Begin your copy at the line with "Fiz 5 km de" in the records below and end it at the line with "Jonny Loafer- Black", restating each line word for word; omit the pictures.

▶ Records for processing:
[Start of Attachment]

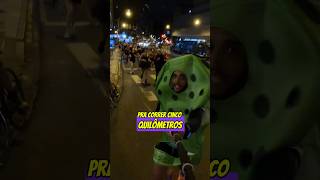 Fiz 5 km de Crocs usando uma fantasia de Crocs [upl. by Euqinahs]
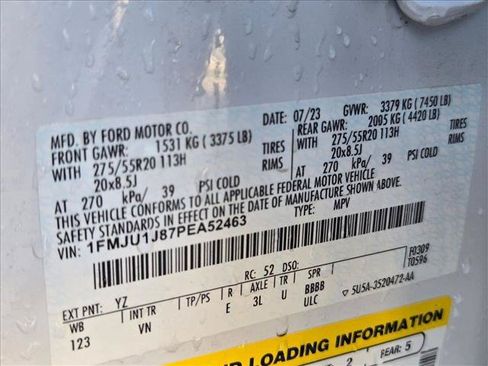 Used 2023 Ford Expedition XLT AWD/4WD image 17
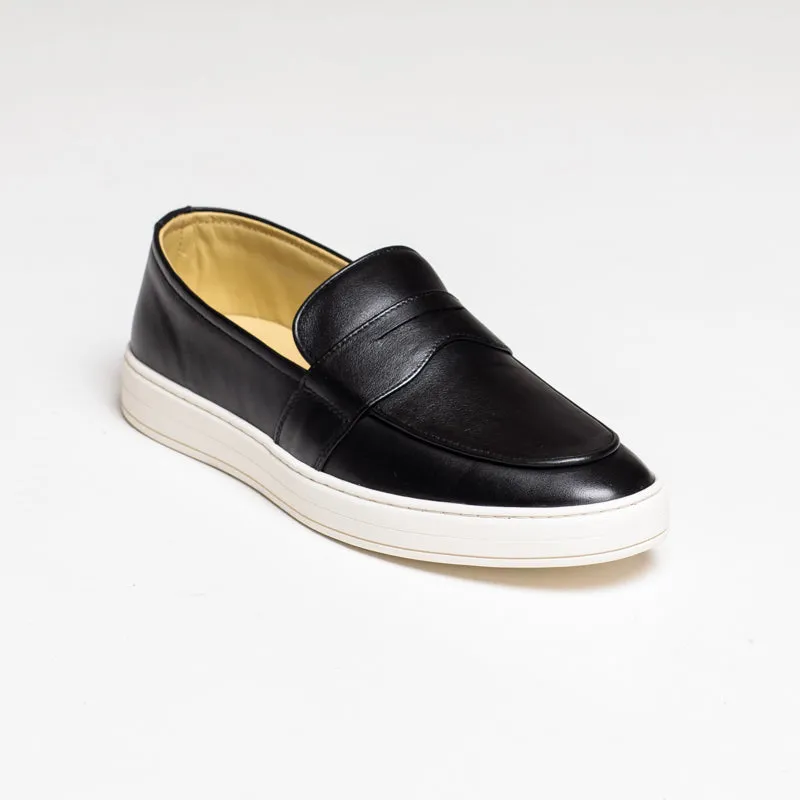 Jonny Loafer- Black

[End of Attachment]
[Start of Attachment]

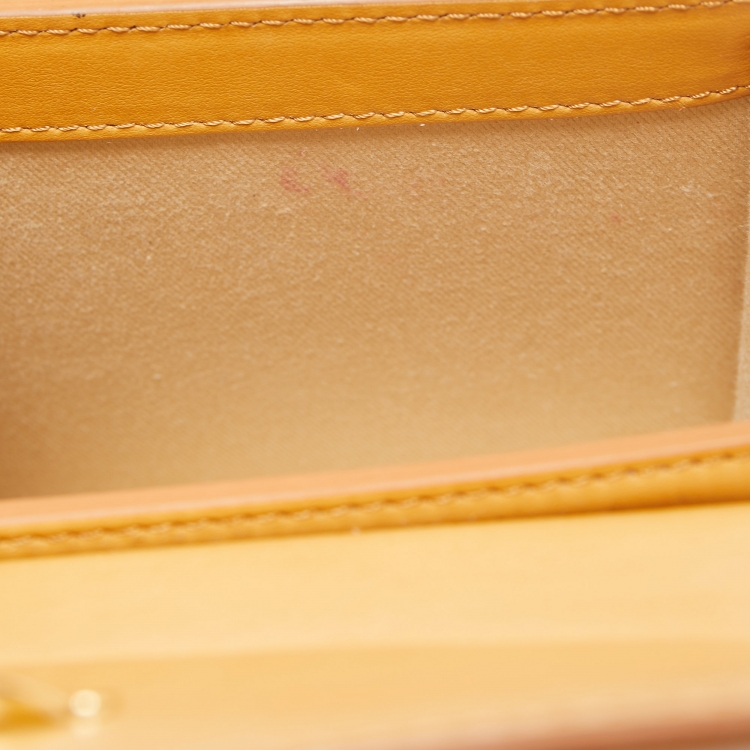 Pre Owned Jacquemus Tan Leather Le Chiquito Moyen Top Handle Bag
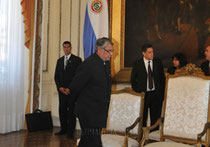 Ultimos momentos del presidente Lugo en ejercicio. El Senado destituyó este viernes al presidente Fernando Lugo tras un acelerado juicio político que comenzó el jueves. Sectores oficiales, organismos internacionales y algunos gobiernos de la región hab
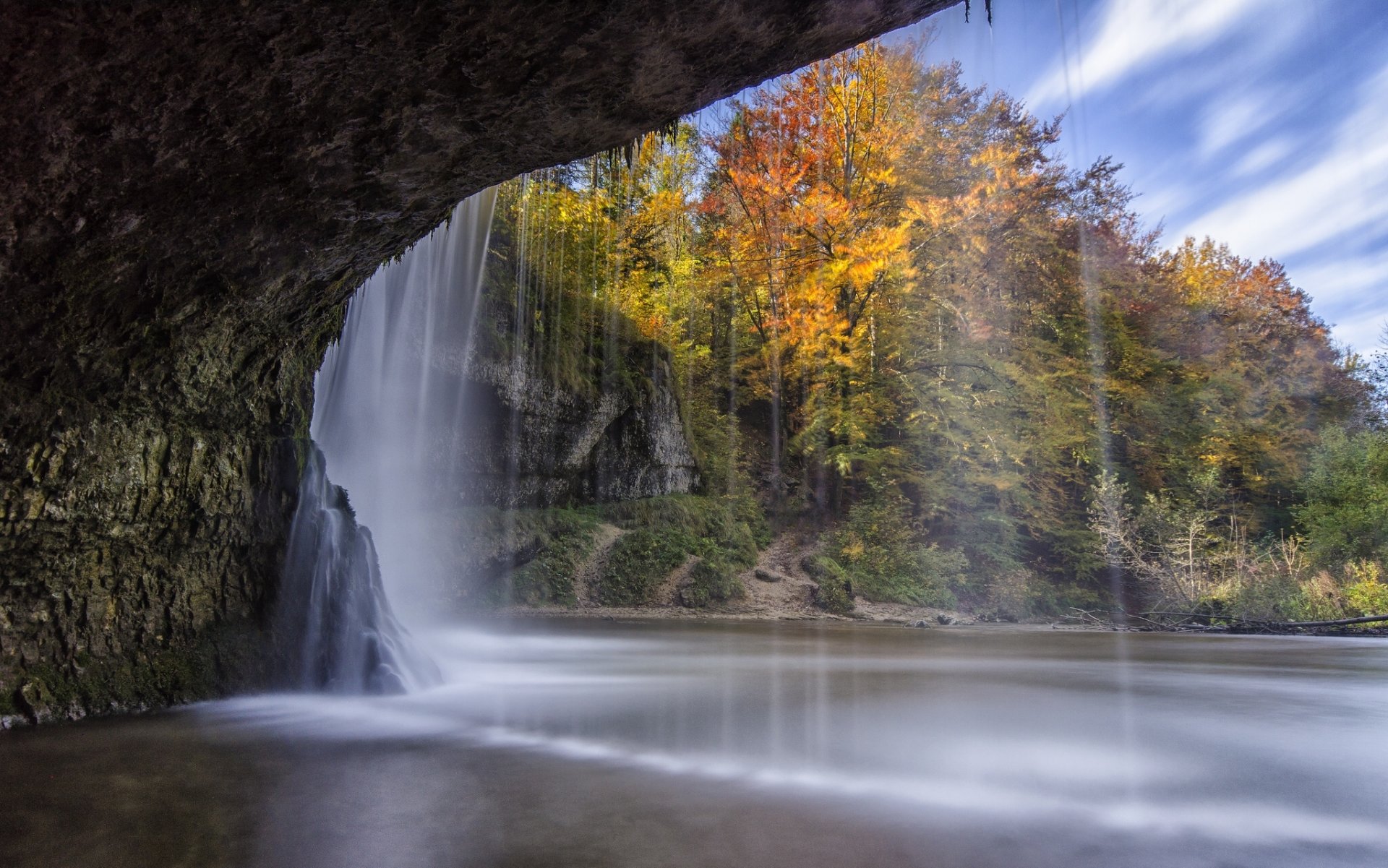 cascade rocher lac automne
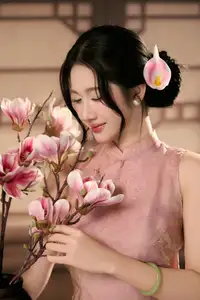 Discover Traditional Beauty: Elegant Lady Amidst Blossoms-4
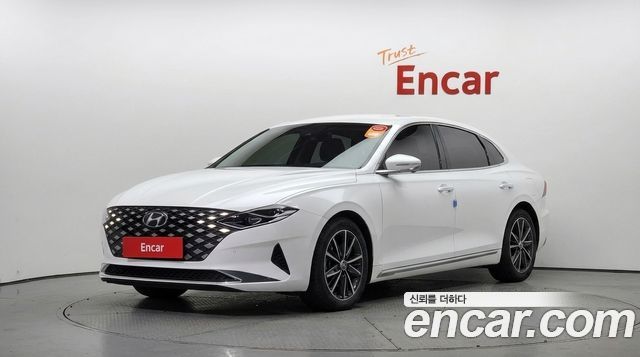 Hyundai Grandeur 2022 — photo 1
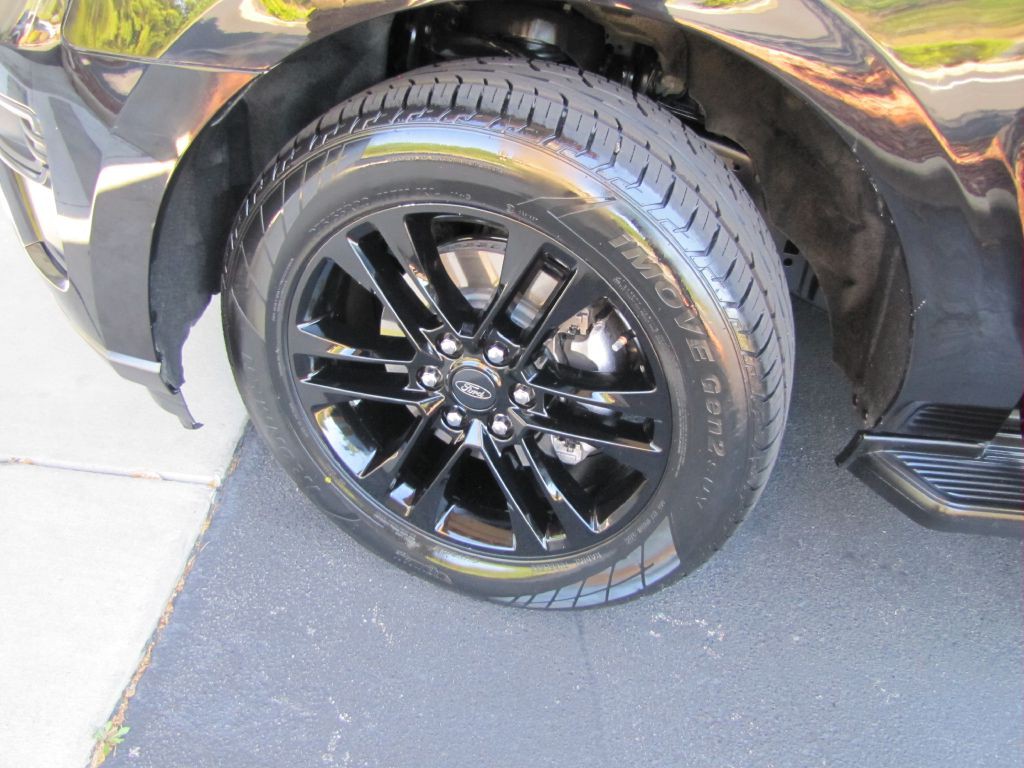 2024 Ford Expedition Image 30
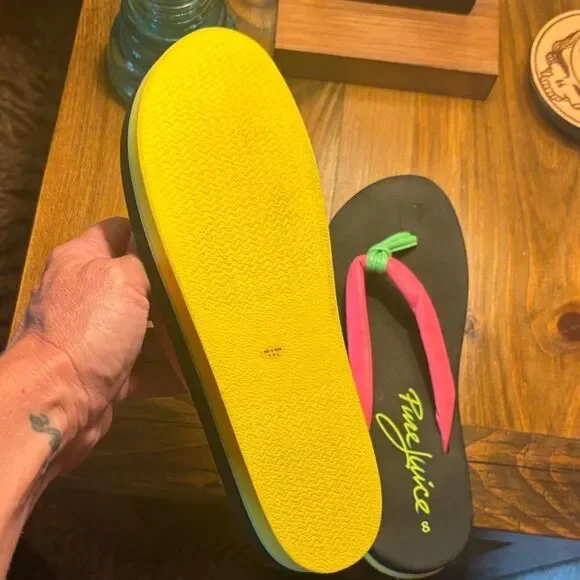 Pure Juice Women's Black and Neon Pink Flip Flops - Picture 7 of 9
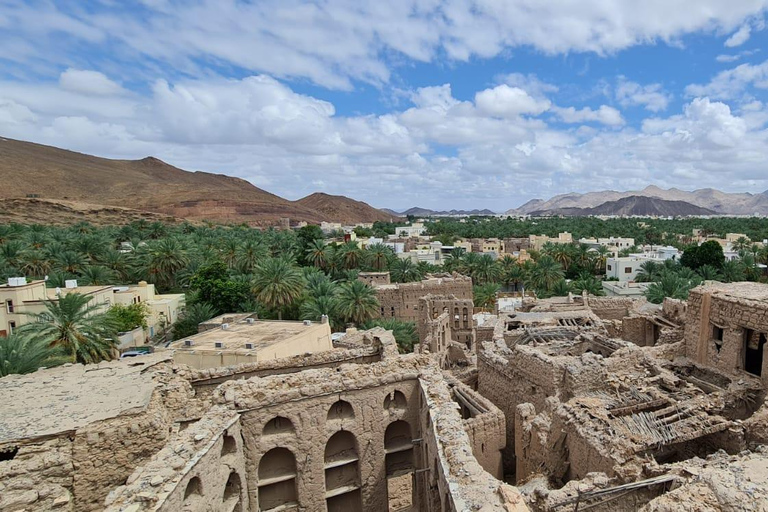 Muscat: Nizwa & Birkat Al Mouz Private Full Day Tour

[End of Attachment]
[Start of Attachment]

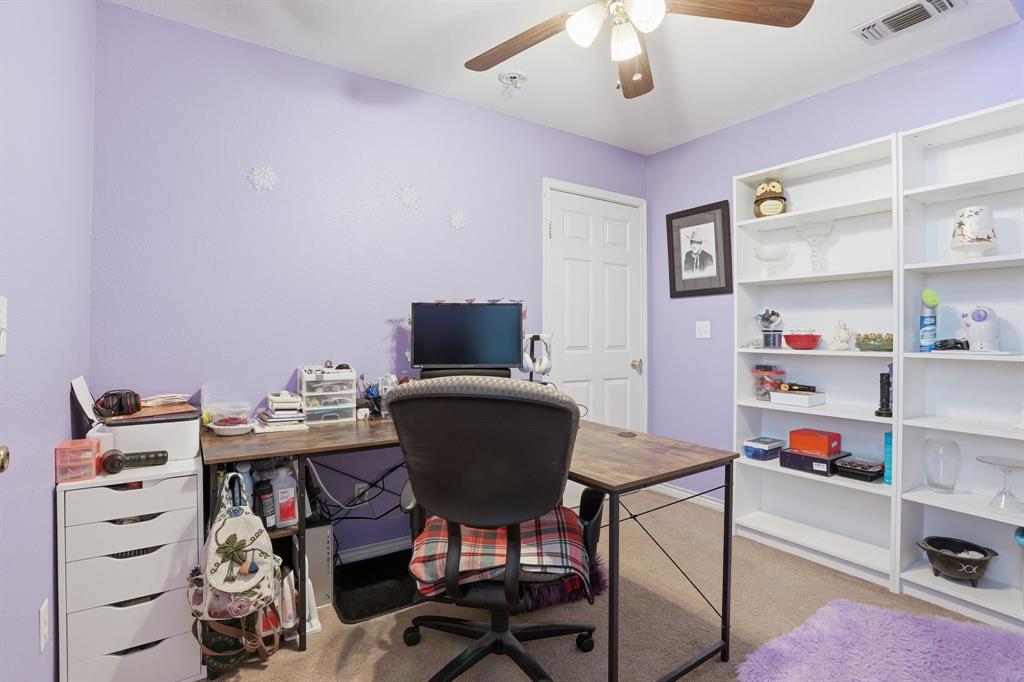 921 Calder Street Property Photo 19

[End of Attachment]

▶ Written response:
 Fiz 5 km de Crocs usando uma fantasia de Crocs [upl. by Euqinahs]
 Used 2023 Ford Expedition XLT AWD/4WD image 17
 Jonny Loafer- Black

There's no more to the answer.